Yesterday, I was talking about how things are speeding up and business models need to be changed/updated with more frequency now. And that it's increasingly difficult for individuals trying to make a go of things because their expertise is in making comics, not keeping up with technological changes and business distrupters and the like.
Of course, it's not impossible. And as I sat there thinking about webcomic creators who have weathered at least a few substantial shifts (which would include pretty much anyone working today who had started, say, five years ago) I thought to take a moment to look up just how long some of the "old guard" webcomikers have been at it. I started (and stopped) with Scott Kurtz. I started with him because he has been around a while, and has been a vocal advocate for webcomics for many years. I stopped because he started PvP in 1998 -- just shy of two decades ago.
It's easy to see Kurtz's style of illustration and humor evolve over time. What's not as evident is his changing business models. PvP actually started under a gaming website before Kurtz took the comic out on its own within its first year. It was published in print by Dork Storm Press for a year beginning in 2001, and was picked up by Image in 2003 (allegedly after seeing a piece in Wizard Magazine that included/referenced the strip I'm running with this post). Kurtz offered the strip up for free to newspapers in 2004. There was an animated cartoon version that began in 2007. He launched a spin-off strip called Table Titans in 2013, roughly at the same time he hired Dylan Meconis as a writer and Steve Hamaker as a colorist.
The update schedule has changed, the number/types/placements of ads has changed, the types and production of items for sale has changed... I haven't tracked all of the changes super closely, but I daresay every aspect of the comic/site/business has been completely overhauled at least twice since it first launched.
I'm pretty sure Kurtz will be the first to tell you that he had no idea what he was doing when he started.
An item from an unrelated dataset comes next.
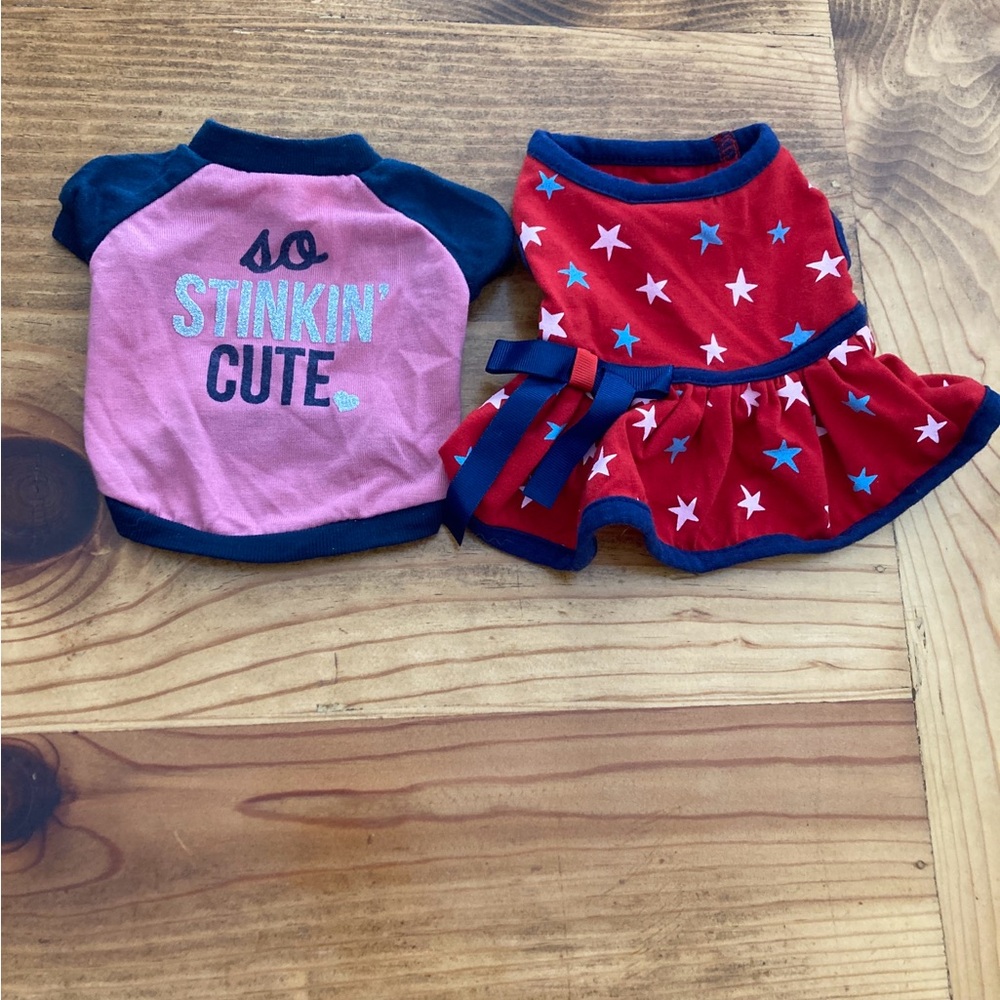 Martha Stewart Pink and Red Kids Shirt and Dress Set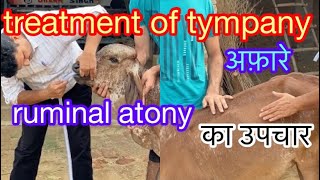 treatment of tympany l bloat l अफारे का उपचार l impaction of rumen l dr umar khan [upl. by Xino118]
Just looking at everything he's done and all the approaches he's taken, one gets the sense that he spent a lot of time just throwing stuff at the wall to see what stuck. Which is fine when you're in your 20s and haven't exactly become reliant on webcomics as your primary (sole?) means of income, but it doesn't take much imagination to see why you'd be less inclined to just throw everything at the wall when you're in your 40s and have being a webcomiker has been your career for well over a decade.
I don't have a real point other than to give a tip of the hat to Kurtz. Not only has he stuck with PvP for nearly two decades, outlasting many traditional publishers in that time, but he's been pretty damn successful at it to boot!